Alfonso Goulet Goulet (El Cobre, Oriente, Cuba, January 23, 1865 - Battle of Peralejo, Oriente, Cuba, July 13, 1895) was a Cuban revolutionary leader of the late nineteenth century.

==Biography==
===Origins and early life===
Alfonso Goulet Goulet was born in the town of El Cobre, Oriente, Cuba, on January 23, 1865, being of French descent. In October 1868, the Ten Years' War broke out which was the first war of independence of Cuba. At that time, Goulet was just a child. However, at the outbreak of the Little War, the adolescent Alfonso Goulet spoke in his native region. The Spanish colonial authorities seized him and deported him to Spain for his participation but they did not shoot him considering his young age.
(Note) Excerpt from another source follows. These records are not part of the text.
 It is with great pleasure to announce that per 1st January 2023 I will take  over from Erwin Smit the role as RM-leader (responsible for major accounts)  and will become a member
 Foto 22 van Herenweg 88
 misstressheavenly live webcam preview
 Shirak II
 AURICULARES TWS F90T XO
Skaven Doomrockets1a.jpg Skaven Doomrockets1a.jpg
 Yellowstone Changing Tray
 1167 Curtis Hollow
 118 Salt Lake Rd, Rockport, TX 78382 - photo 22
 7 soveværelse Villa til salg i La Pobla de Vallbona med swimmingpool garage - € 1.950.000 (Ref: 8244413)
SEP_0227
As the years of the Fertile Truce passed, Goulet became linked to the different independence conspiracies in Cuba. He actively participated in the failed conspiracy called Peace of Manganese, in 1890.
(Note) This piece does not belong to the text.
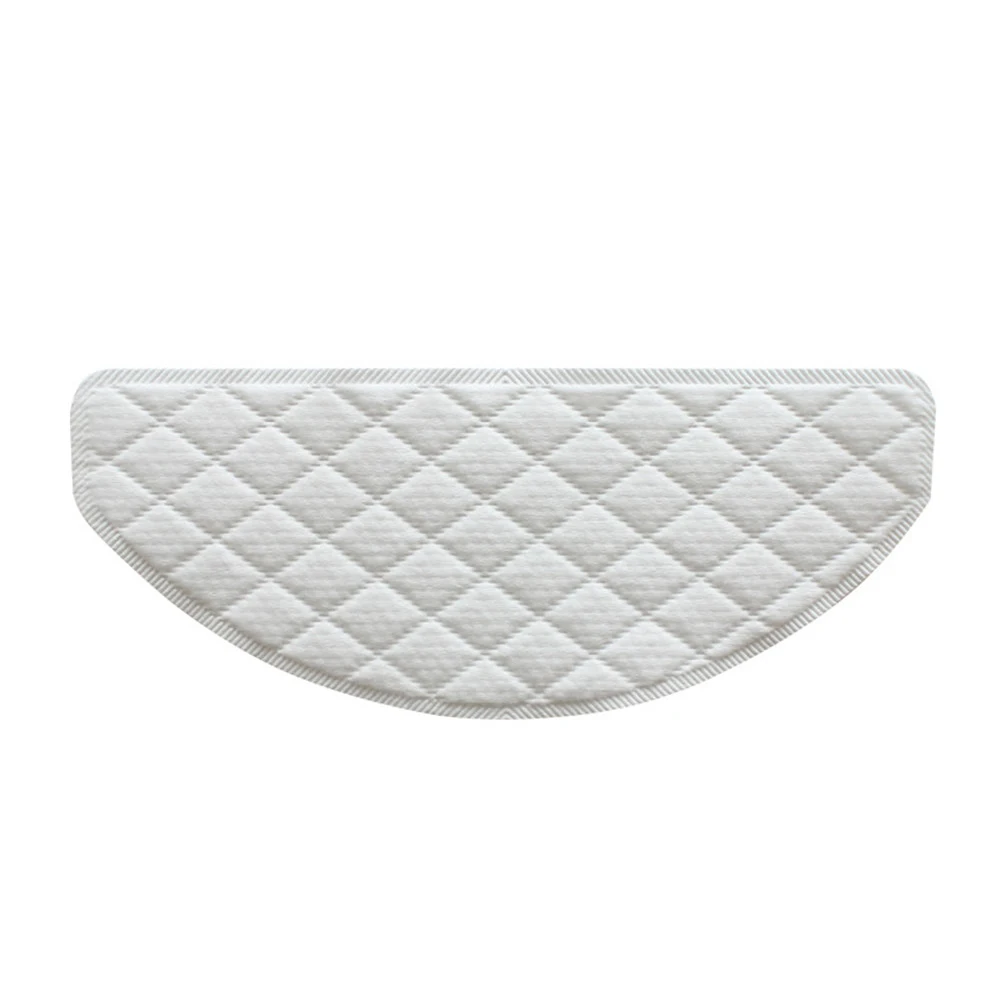 Disposable Mop Cloth Roller Brush Disposable Mop Cloth Dust Bags Filter For Imou L11-A L11 Mop Cloth Roller Brush
Disposable Mop Cloth Roller Brush Disposable Mop Cloth Dust Bags Filter For Imou L11-A L11 Mop Cloth Roller Brush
===Cuban War of Independence and death===
At the outbreak of the Cuban War of Independence on February 24 of 1895, Goulet rose in the vicinity of the town of El Cobre in February and immediately joined the Cuban Revolutionary Army led by then Colonel Jesús Rabí. He was promoted to Commander in April of that same year.

Later, already subordinate to Major General Antonio Maceo, he participated in the Battle of El Jobito, on May 13, 1895 . He was ascending quickly, until reaching the degrees of Brigadier General.

Under the orders of Major General Antonio Maceo, Brigadier Goulet was in charge of protecting the Cuban impedimenta during the bloody Battle of Peralejo, on July 13, 1895. Alfonso Goulet died in combat, in a place known as "La Caoba", while his troops resisted the strong attack of enemy troops. He was 30 years old. It is worth mentioning that the Cuban forces achieved victory in Peralejo despite Goulet's death.